[Data for review]
== Segment start ==
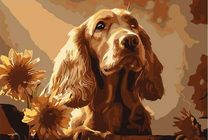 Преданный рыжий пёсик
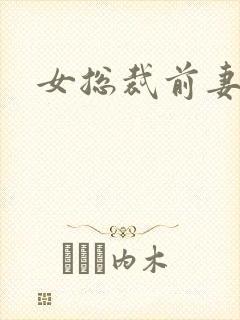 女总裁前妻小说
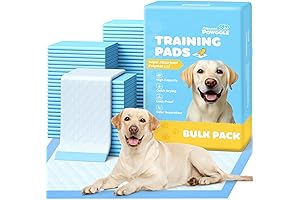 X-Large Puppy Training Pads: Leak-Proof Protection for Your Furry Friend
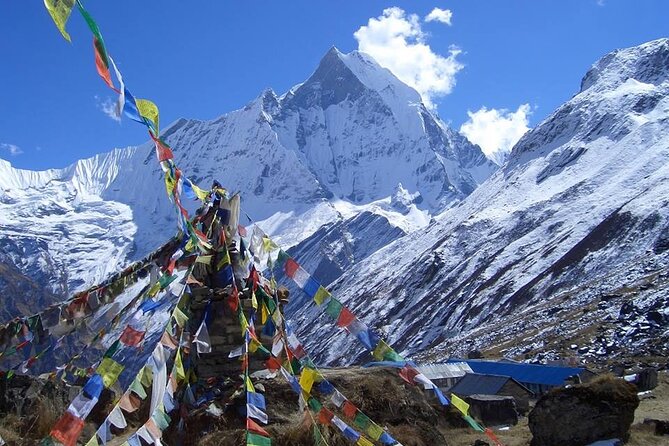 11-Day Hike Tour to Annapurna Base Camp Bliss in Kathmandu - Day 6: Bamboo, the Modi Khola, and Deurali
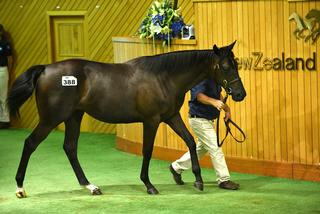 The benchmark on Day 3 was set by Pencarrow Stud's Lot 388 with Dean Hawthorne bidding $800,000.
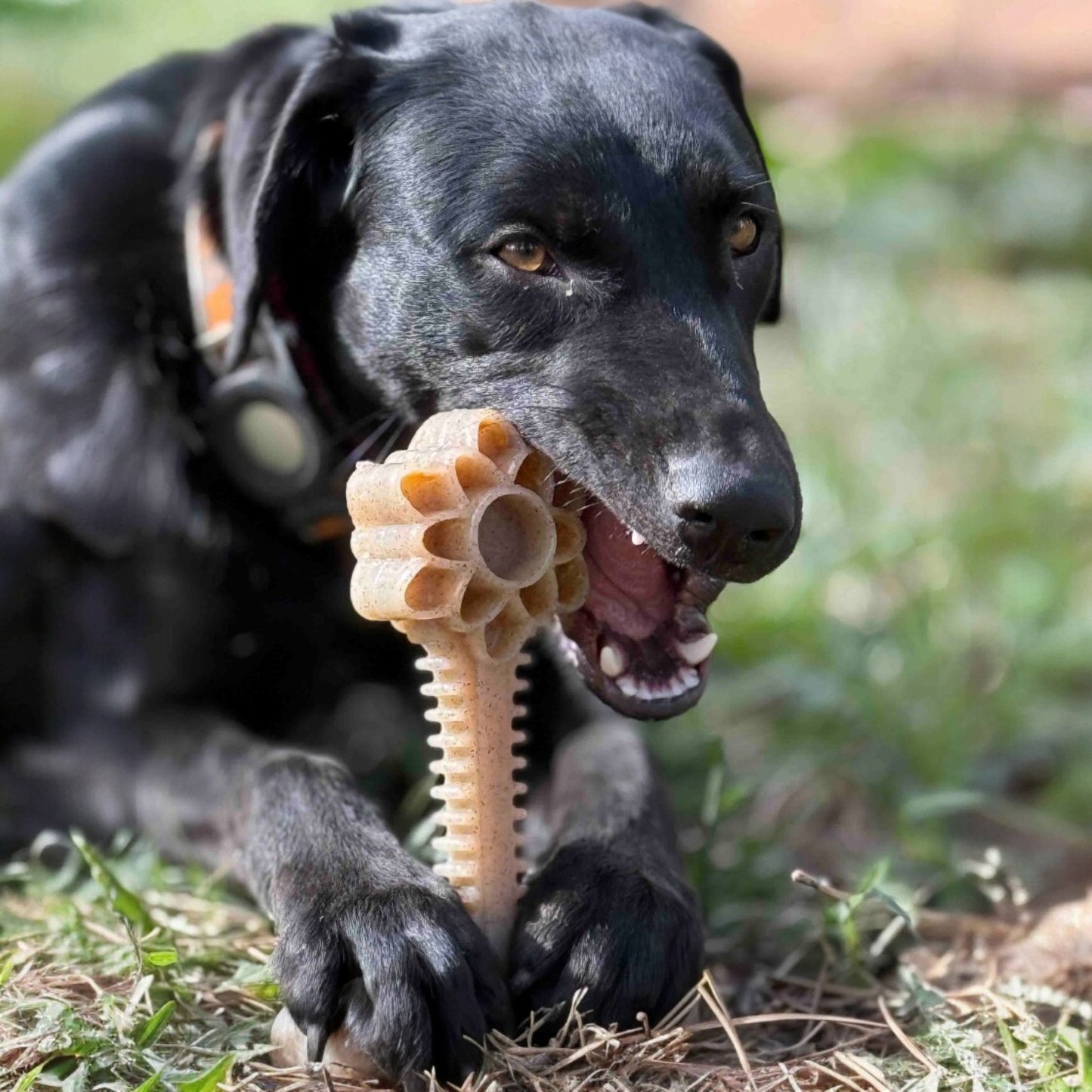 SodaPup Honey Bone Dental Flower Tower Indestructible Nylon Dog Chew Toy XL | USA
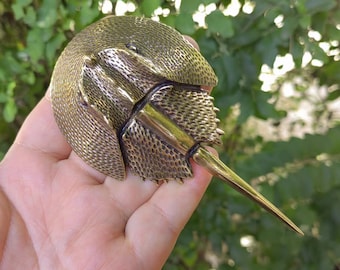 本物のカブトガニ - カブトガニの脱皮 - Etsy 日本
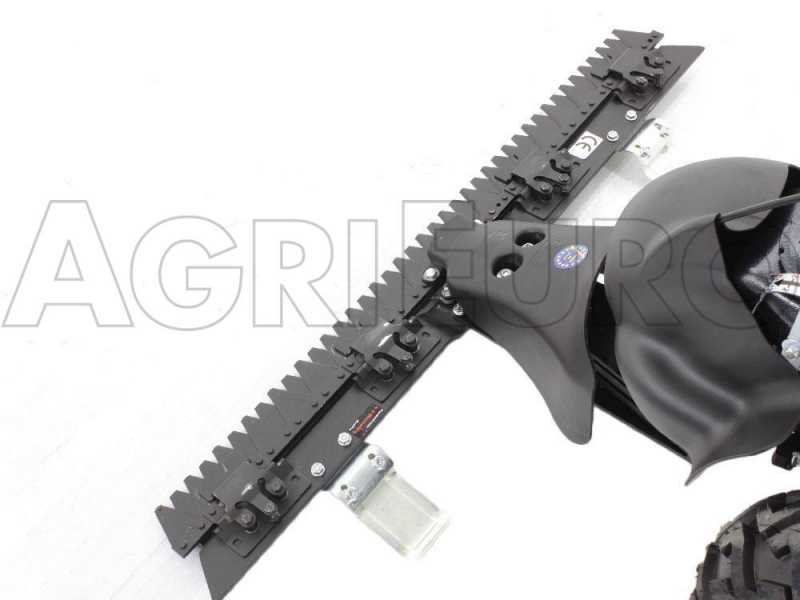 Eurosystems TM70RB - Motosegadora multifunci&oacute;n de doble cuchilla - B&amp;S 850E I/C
== Segment end ==
== Segment start ==
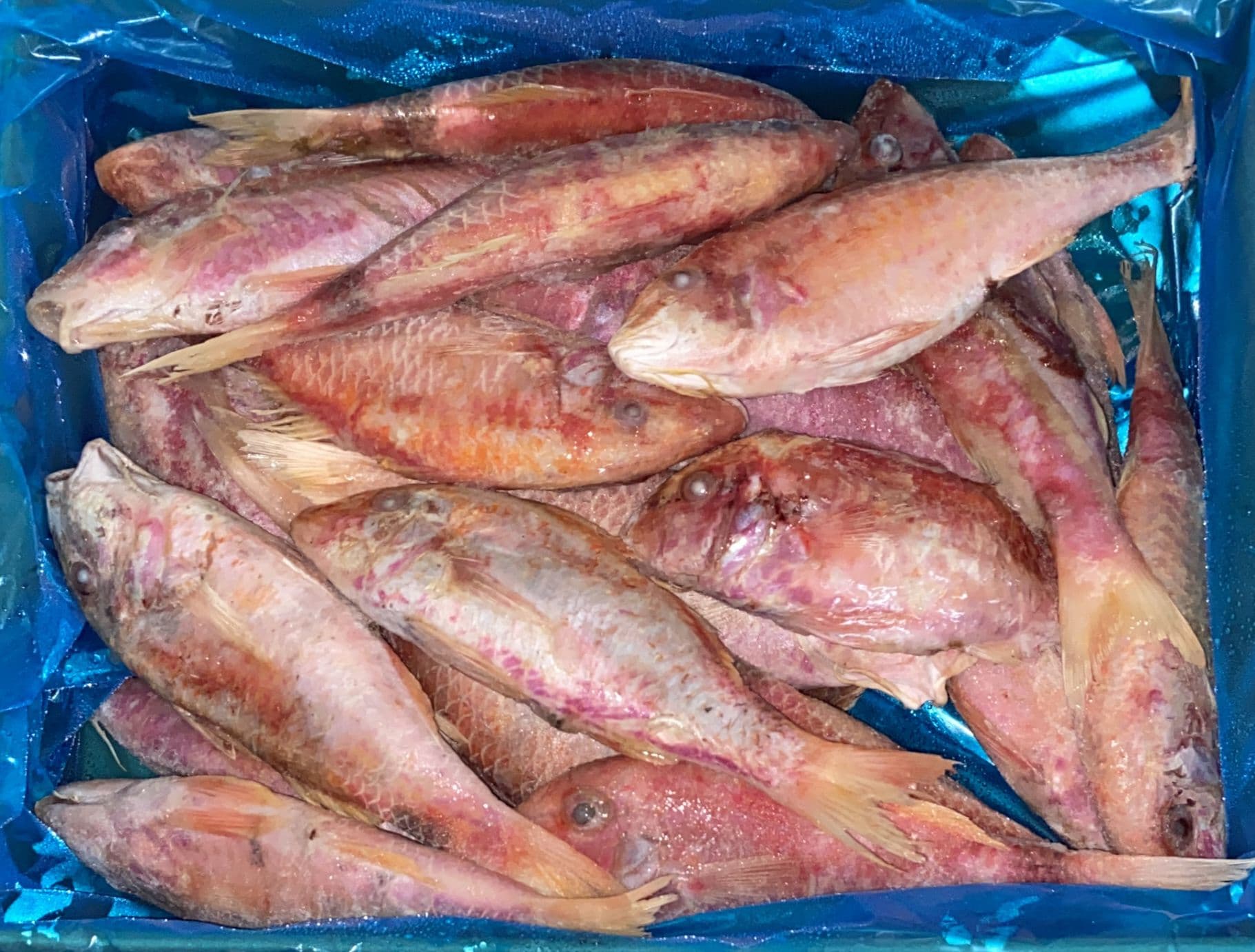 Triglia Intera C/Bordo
== Segment end ==
[What you are asked to do] Find the line with "Преданный рыжий пёсик" in the entries above. Set down exactly every line from it up to and including the line with "The benchmark on", images excluded.

[Your response]
 Преданный рыжий пёсик
 女总裁前妻小说
 X-Large Puppy Training Pads: Leak-Proof Protection for Your Furry Friend
 11-Day Hike Tour to Annapurna Base Camp Bliss in Kathmandu - Day 6: Bamboo, the Modi Khola, and Deurali
 The benchmark on Day 3 was set by Pencarrow Stud's Lot 388 with Dean Hawthorne bidding $800,000.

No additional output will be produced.